Für uns machts die Arbeit jedenfalls einfacher, wenn es nur noch einen anglerfeindlichen Bundesverband statt derer zwei gibt..


----------



## RuhrfischerPG (24. Juli 2012)

*AW: Fusion: Präsident Mohnert ausgebootet?*



m-spec schrieb:


> Petert Mohnert ist nicht ausgebootet sondern liegt wohl im Krankenhaus. Verdacht auf Krebs.

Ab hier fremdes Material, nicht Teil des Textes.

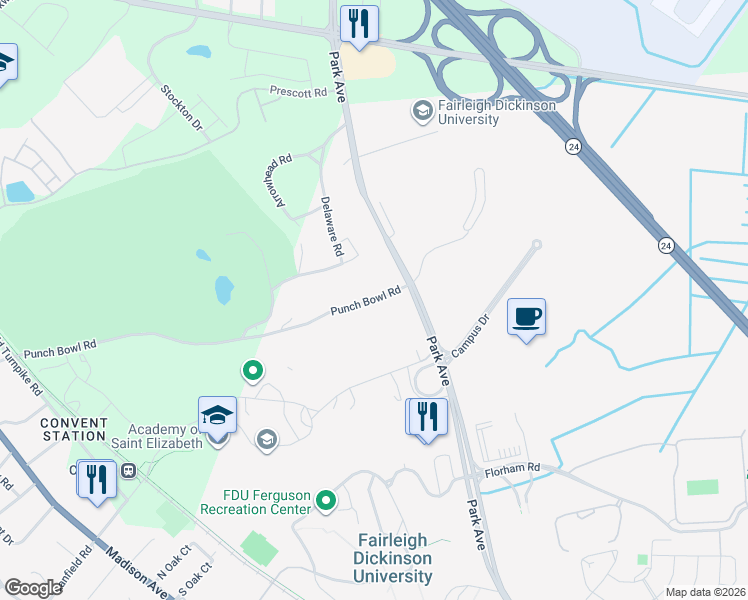 map of restaurants, bars, coffee shops, grocery stores, and more near 4 Punch Bowl Road in Morristown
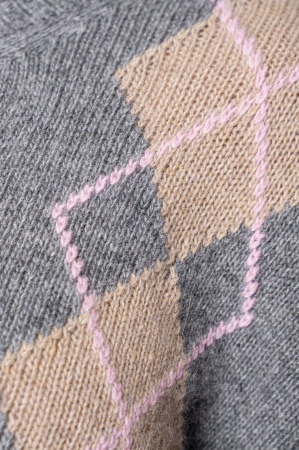 Set Pulover si Pantalon lung mix de lana si casmir Grey/Pink [4]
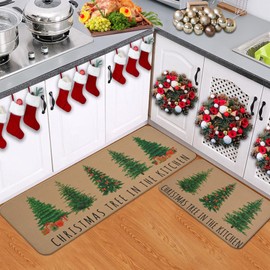 Yinhua Christmas Kitchen Rugs, Xmas Non Skid Kitchen Mats for Floor, Christmas Pines Kitchen Rugs Set of 2, Christmas Holiday Decor and Gifts 17x30 and 17x47 Inch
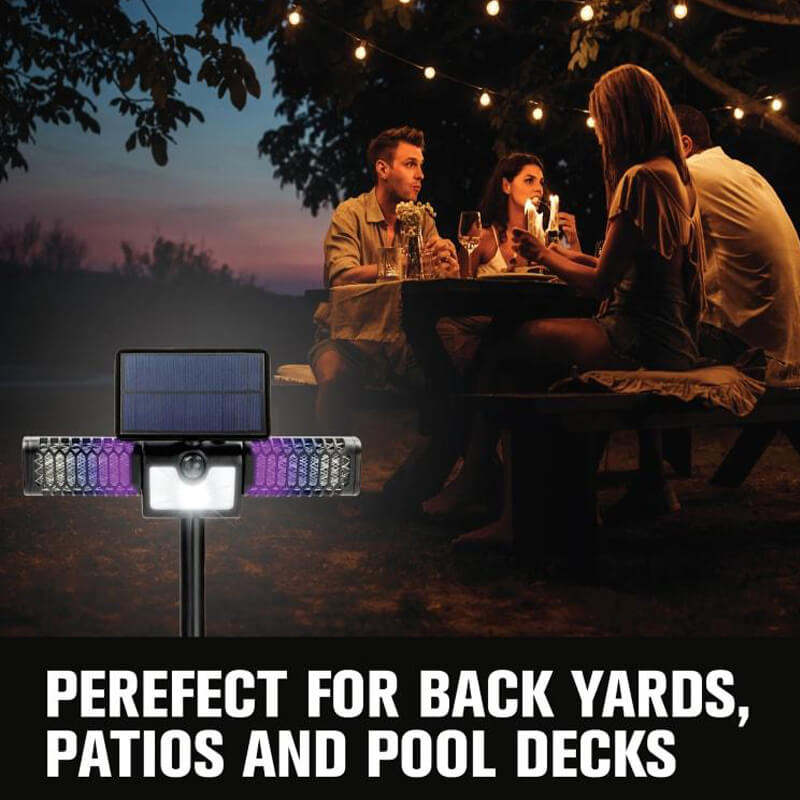iToolMax 2 in 1  solar mosquito zapper & flood light, solar-powered, not only emits ultraviolet light to attract mosquitoes automatically and kill them accurately, no mosquito in 1200 sq.ft/110㎡ and 360°, but also with LED light to brighten your space. Perfect for patios, camping, and backyard nights.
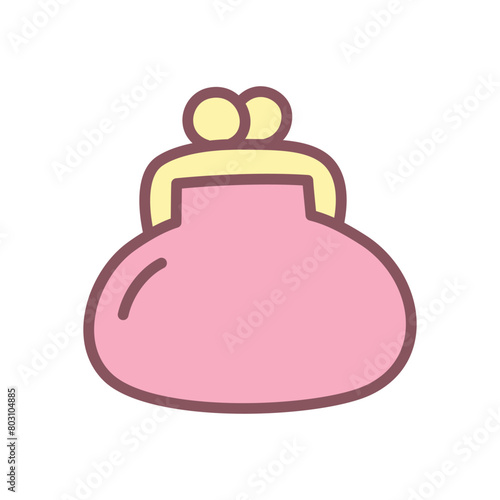 Cute wallet icon. Hand drawn illustration of a pink retro purse isolated on a white background. Kawaii sticker. Vector 10 EPS.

Querelen hin oder her..wenn DAS den Tatsachen entspricht,wünsche ich dem Menschen Peter Mohnert zuallererst
gute Besserung und eine möglichst rasche,dauerhafte Genesung.


----------



## velvet (24. Juli 2012)

*AW: Fusion: Präsident Mohnert ausgebootet?*



Thomas9904 schrieb:


> Und warum werden die gewünschten Vizes dann nicht veröffentlicht?


 
Weil diese Kandidaten für die VizeP. nur Wunsch der Initiativgruppe, einschließlich der eingefangenen FDP-MdB, sind.

Einige VDSF-Verbände lehnen diese Kreationen ab. Dies wurde auf der VDSF-Sitzung in Göttingen sehr deutlich.

Übrigends drei sind Dir schon bekannt (Markstein,Steffens,Braun).


----------



## velvet (24. Juli 2012)

*AW: Fusion: Präsident Mohnert ausgebootet?*



m-spec schrieb:


> Das ganze wird wohl in Papenburg über die Bühne gebracht werden beim Deutschen Fischereitag.


 
Wohl kaum, denn der Dt. Fischereitag ist kein beschlußfähiges Organ des VDSF.

Dies ist nur die Mitgliederversammlung im November in Berlin. 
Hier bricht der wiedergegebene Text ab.